From the line containing "SOL'S Unisex Comet" down to the last line of the listing, quote everything word for word, and nothing else, keeping pictures out.

● INFORMATION SHOWN:
..............................
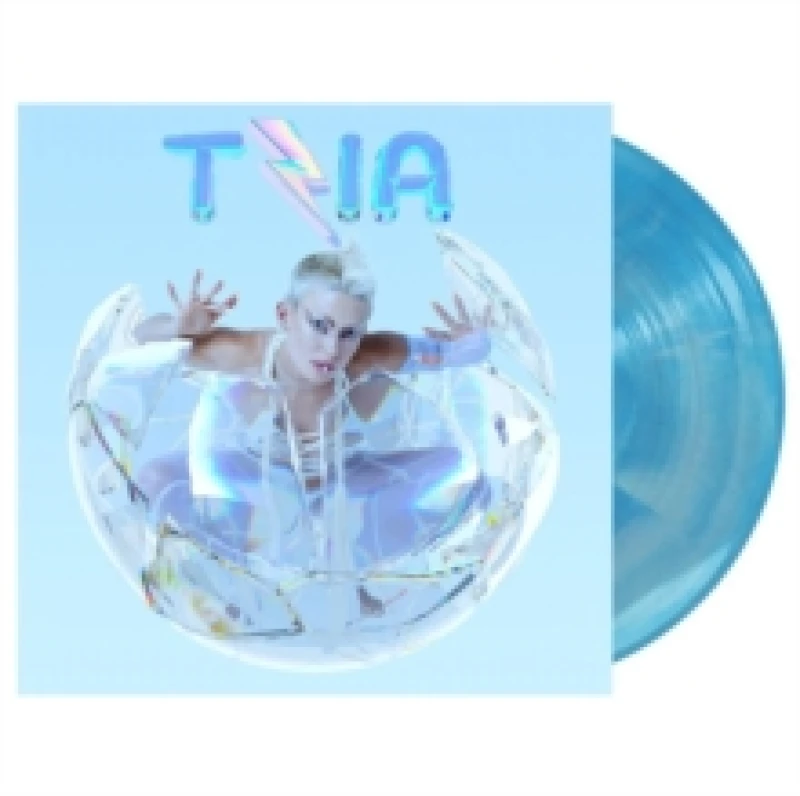 Image of TZIA Vinyl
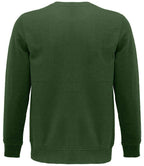 SOL'S Unisex Comet Organic Sweatshirt | Bottle Green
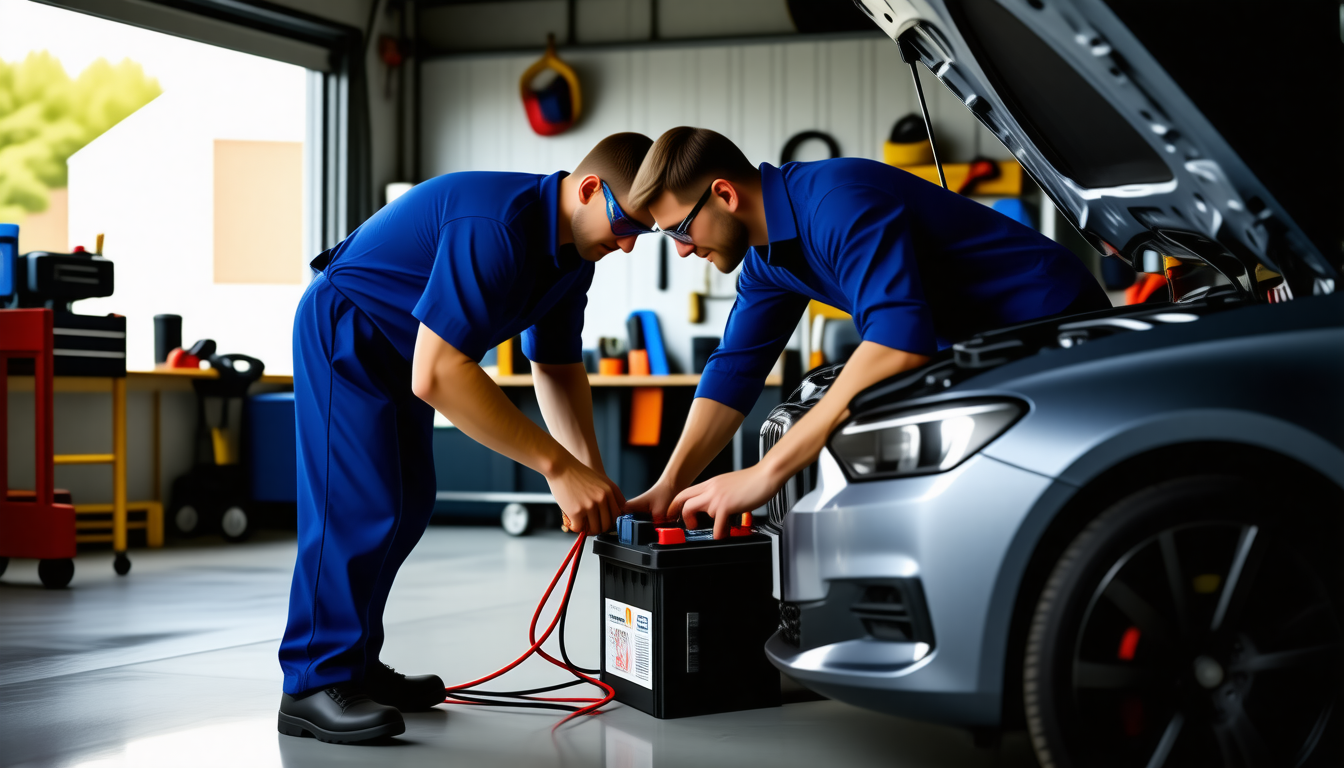 découvrez si débrancher la batterie est une méthode efficace pour immobiliser votre voiture. cet article lève le voile sur les idées reçues et vous guide sur les meilleures pratiques en matière de sécurité automobile.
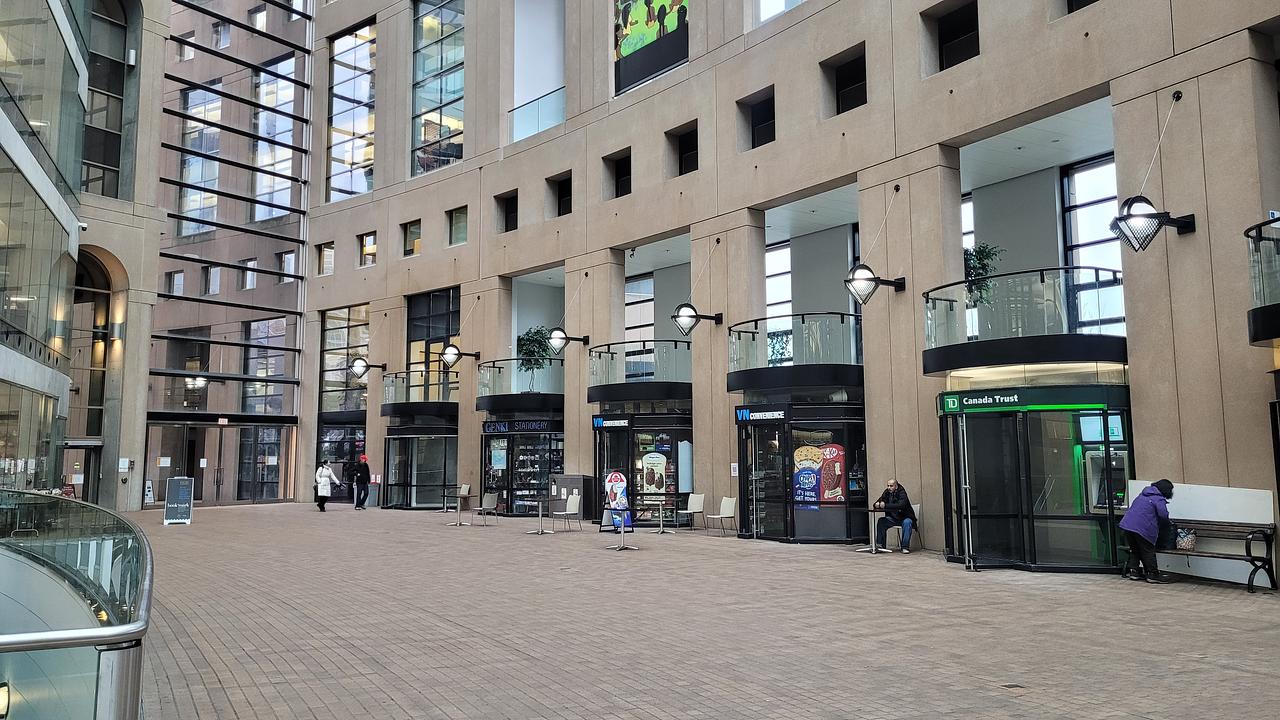 105 - 300 West Georgia Street, Vancouver, BC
..............................
● ANSWER TO THIS TASK:
 SOL'S Unisex Comet Organic Sweatshirt | Bottle Green
 découvrez si débrancher la batterie est une méthode efficace pour immobiliser votre voiture. cet article lève le voile sur les idées reçues et vous guide sur les meilleures pratiques en matière de sécurité automobile.
 105 - 300 West Georgia Street, Vancouver, BC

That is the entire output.